_Exercise goal_: Write out exactly, please, every line from the beginning of the entries to the line holding "FADED-EFFECT RIB T-SHIRT", and no pictures.

[Opening Records section]

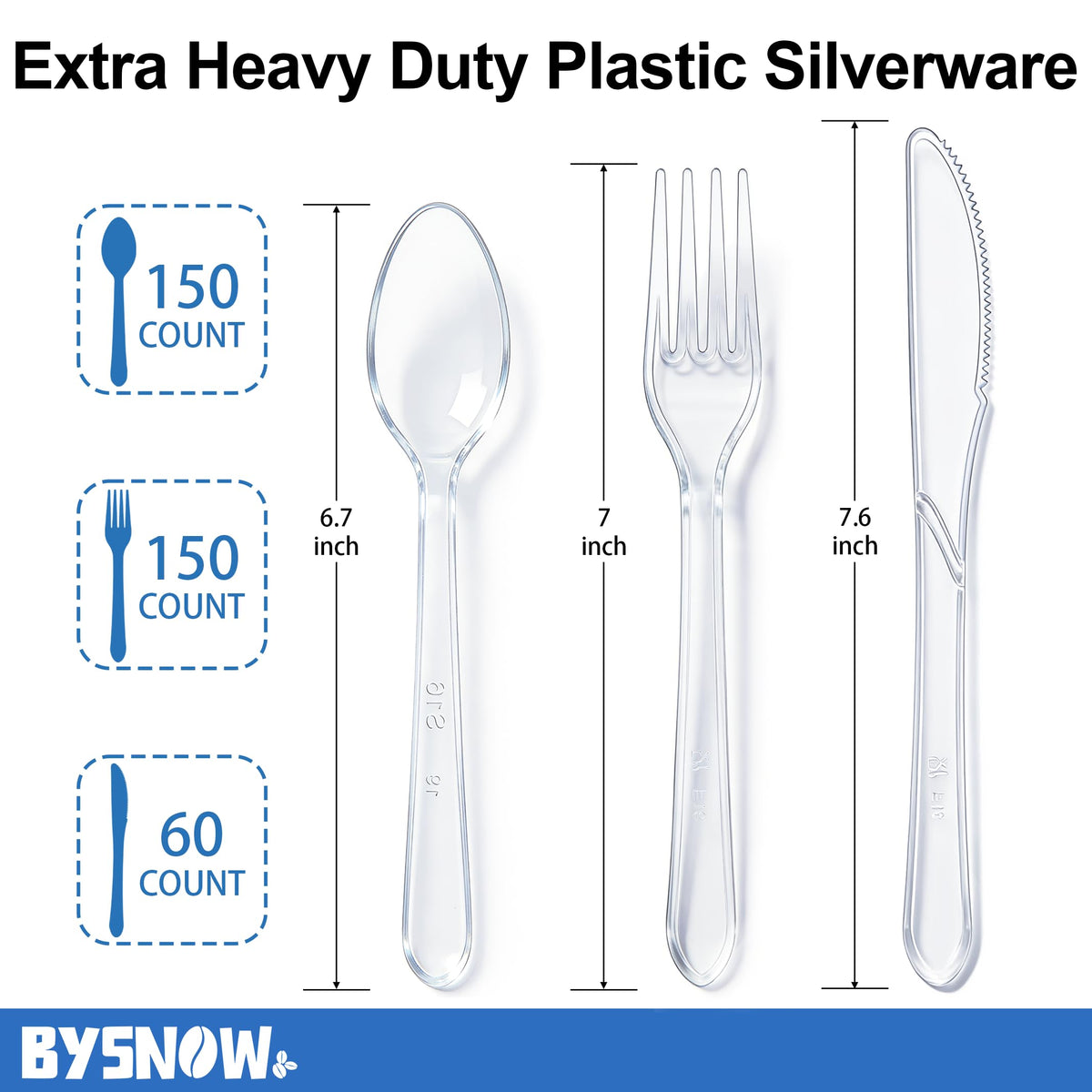 BYSNOW 360 Count Extra Heavy Duty Plastic Silverware - BYSNOW Official Imagery - 3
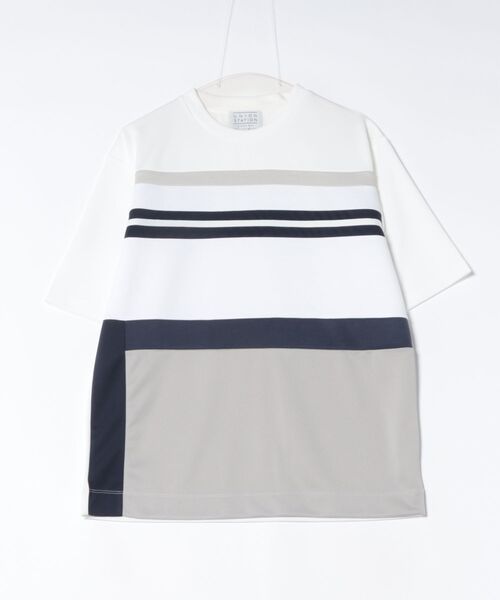 UNION STATION（ユニオンステーション）の「ポンチ×ダンボールパネル切替T（Tシャツ/カットソー・メンズ・ホワイト系その他/ブラック/ホワイト・LL/L/M）」の2枚目の写真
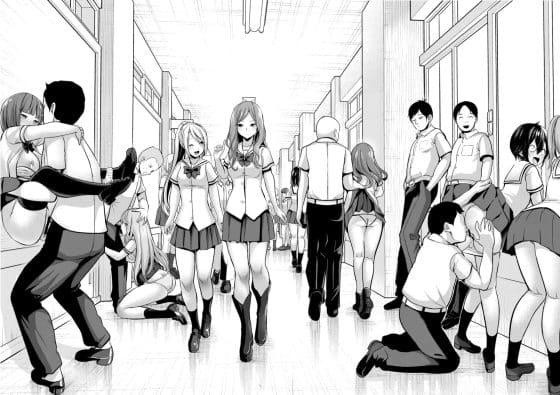 【エロ漫画】常識改変でエロエロ異常空間に変貌した学園!アイドルも風紀委員もお嬢様も男子のオチンポにご奉仕!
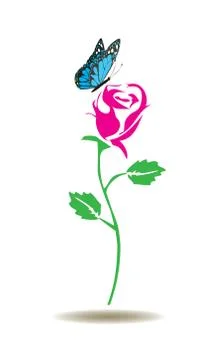 Vector rose silhouette Stock Illustration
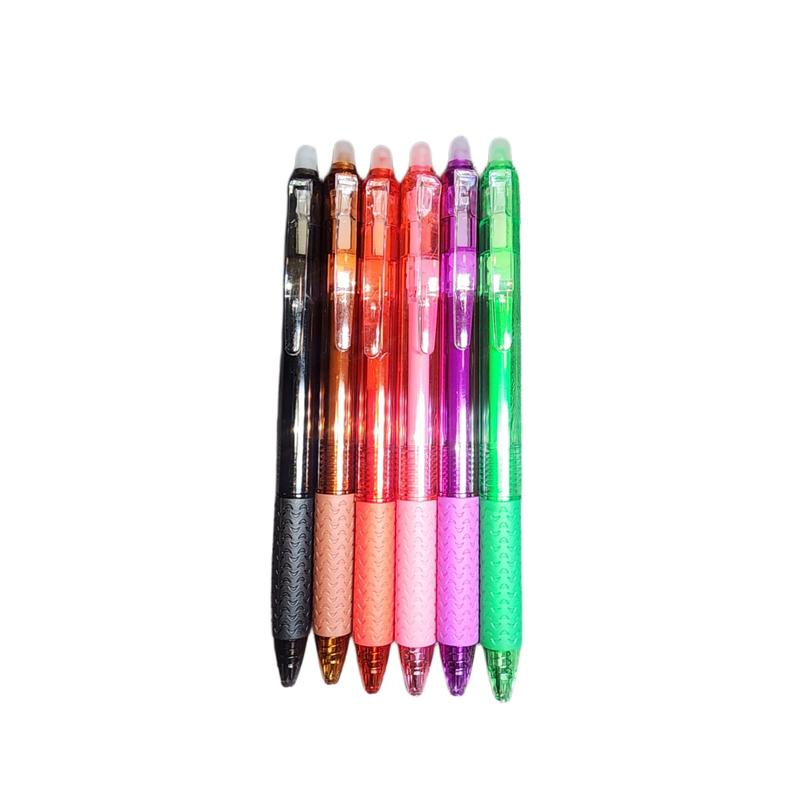 Retractable Erasable Pens - 6 Colorful Inks, Fine Point, Clicker ...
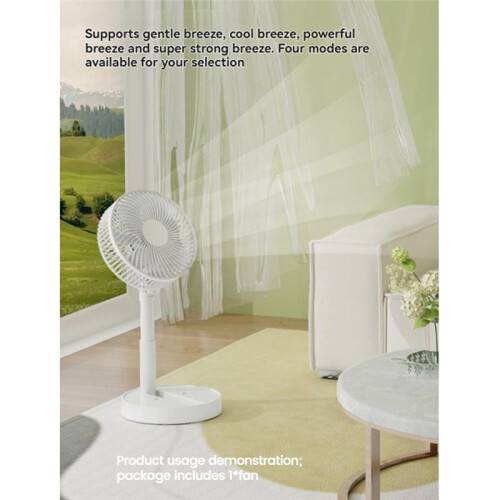 Foldable Desk Fan Portable Telescopic Table Fan 3600mAh Rechargeable Timer 4-Speeds Adjustable Height
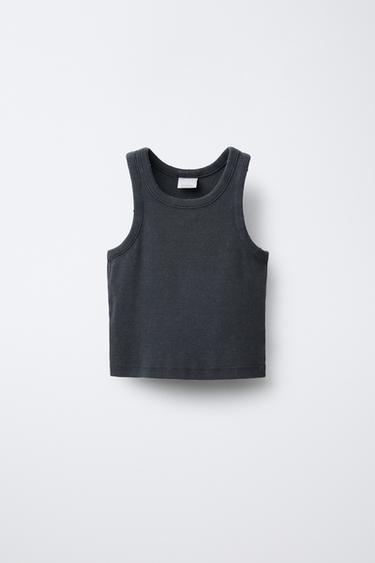 FADED-EFFECT RIB T-SHIRT - Anthracite grey by Zara - Image 0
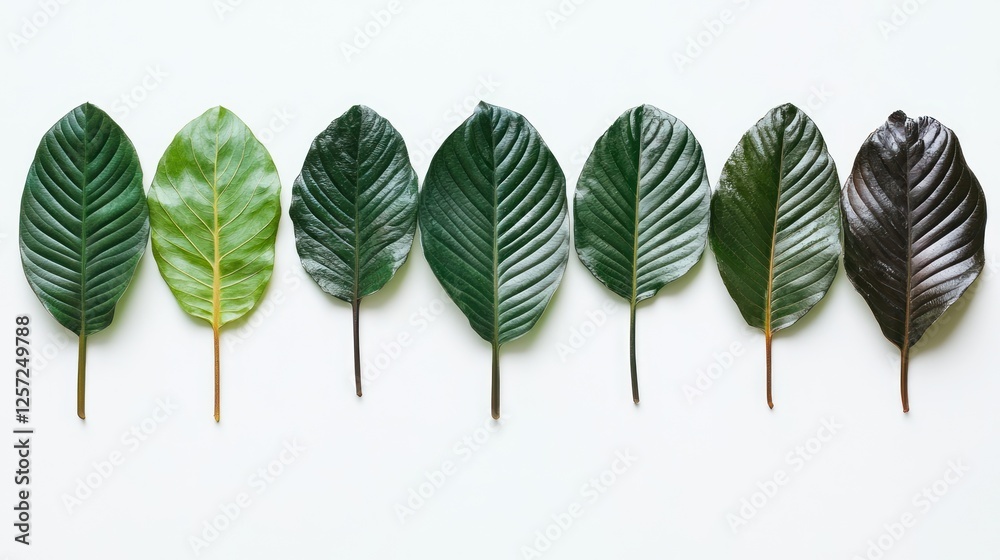 Poster seven leaves with varying shades of green in sequence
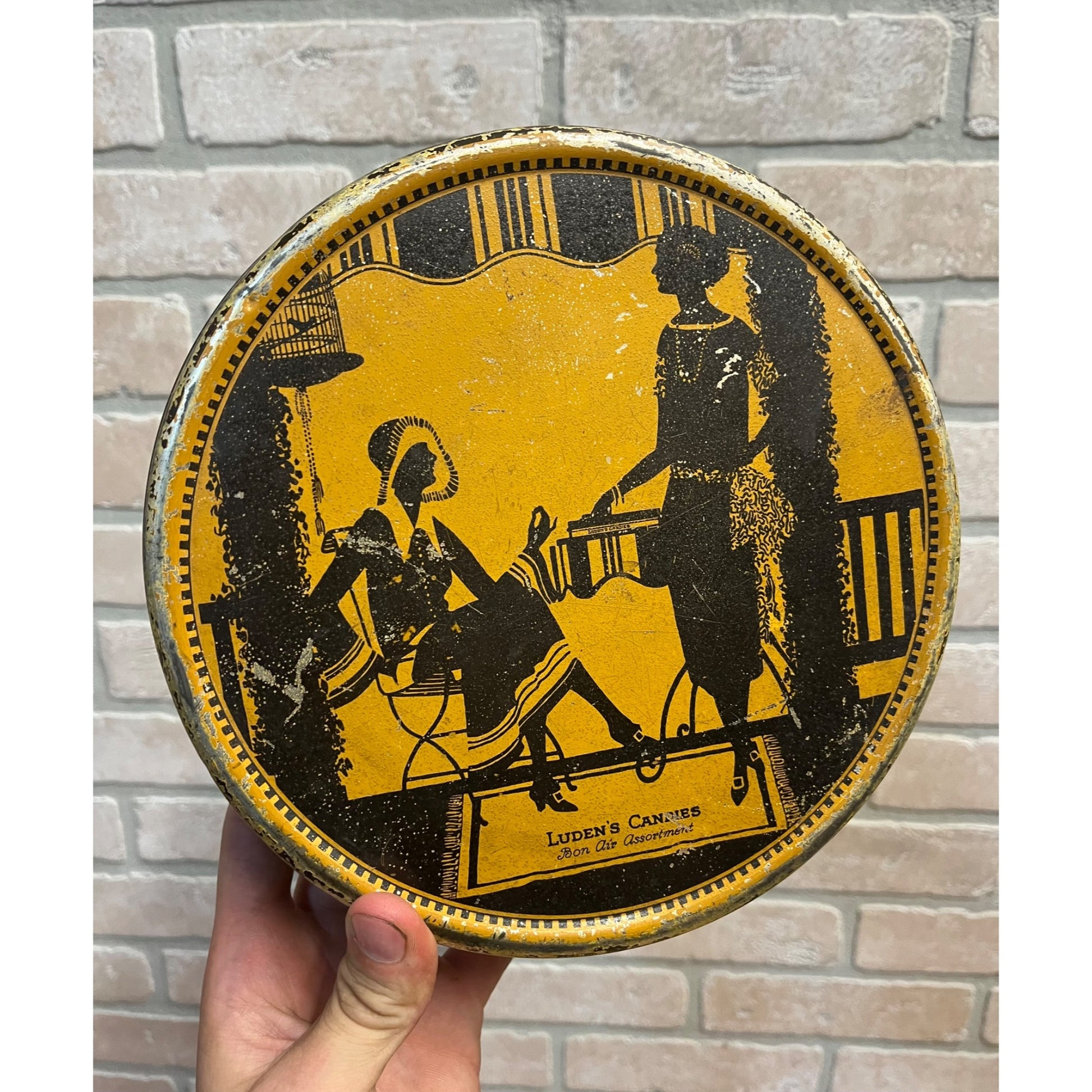 Vintage 1930s Luden's Candies Art Deco Candy Container Tin Advertising Litho
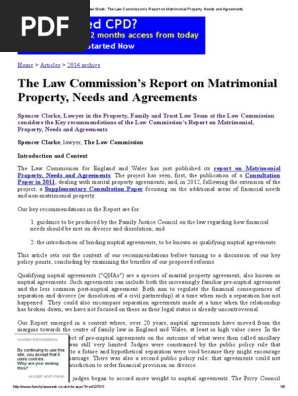 Family Law Week_ The Law Commission’s Report on Matrimonial Property, Needs and Agreements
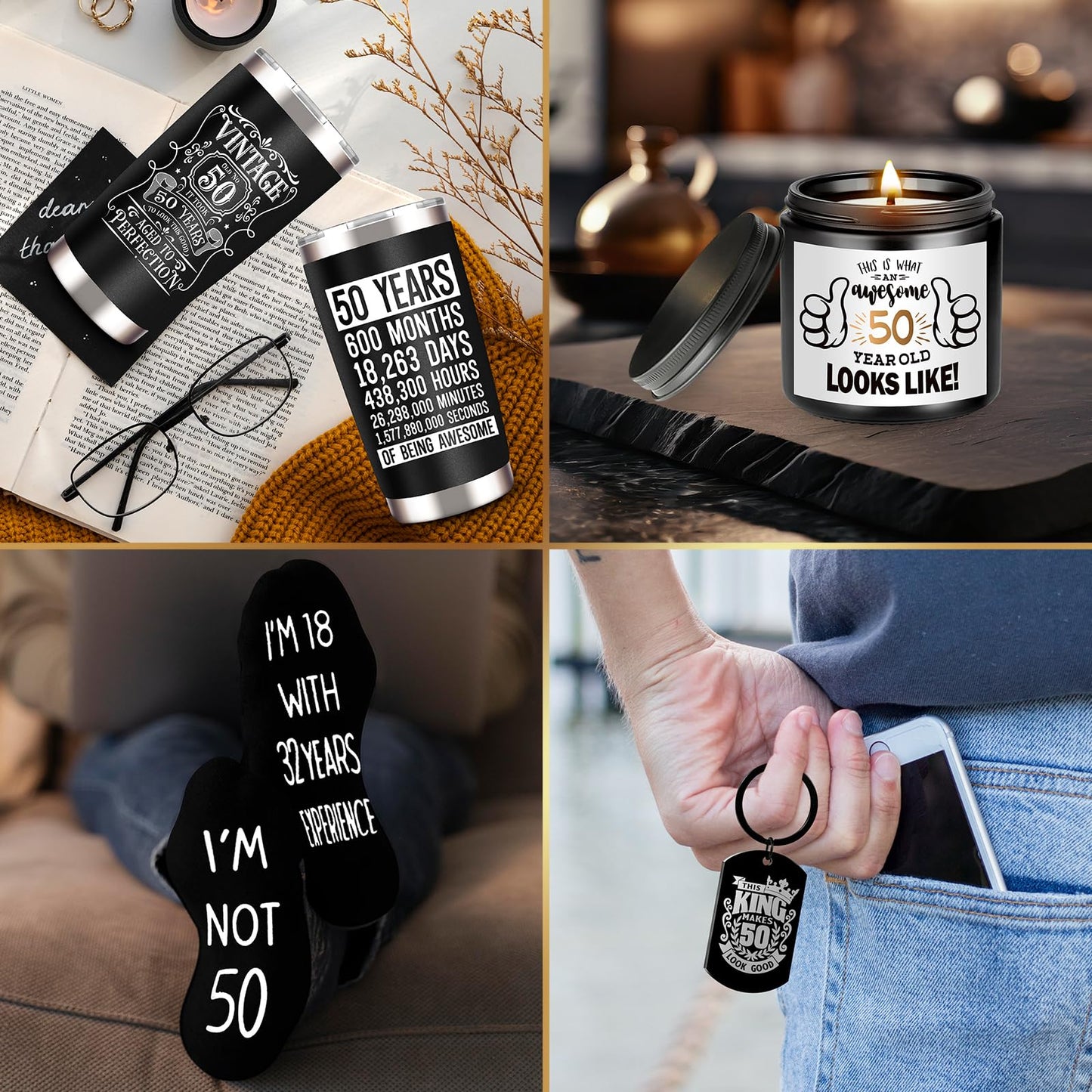 JTAMOHI 50th Birthday Gifts for Men - Unique Box with 20 Oz Tumbler, Scented Candle, Socks, Baseball Cap for Husband, Dad, Grandpa, Friends, Teachers, Boss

[Closing Records section]

_Exercise result_:
 BYSNOW 360 Count Extra Heavy Duty Plastic Silverware - BYSNOW Official Imagery - 3
 UNION STATION（ユニオンステーション）の「ポンチ×ダンボールパネル切替T（Tシャツ/カットソー・メンズ・ホワイト系その他/ブラック/ホワイト・LL/L/M）」の2枚目の写真
 【エロ漫画】常識改変でエロエロ異常空間に変貌した学園!アイドルも風紀委員もお嬢様も男子のオチンポにご奉仕!
 Vector rose silhouette Stock Illustration
 Retractable Erasable Pens - 6 Colorful Inks, Fine Point, Clicker ...
 Foldable Desk Fan Portable Telescopic Table Fan 3600mAh Rechargeable Timer 4-Speeds Adjustable Height
 FADED-EFFECT RIB T-SHIRT - Anthracite grey by Zara - Image 0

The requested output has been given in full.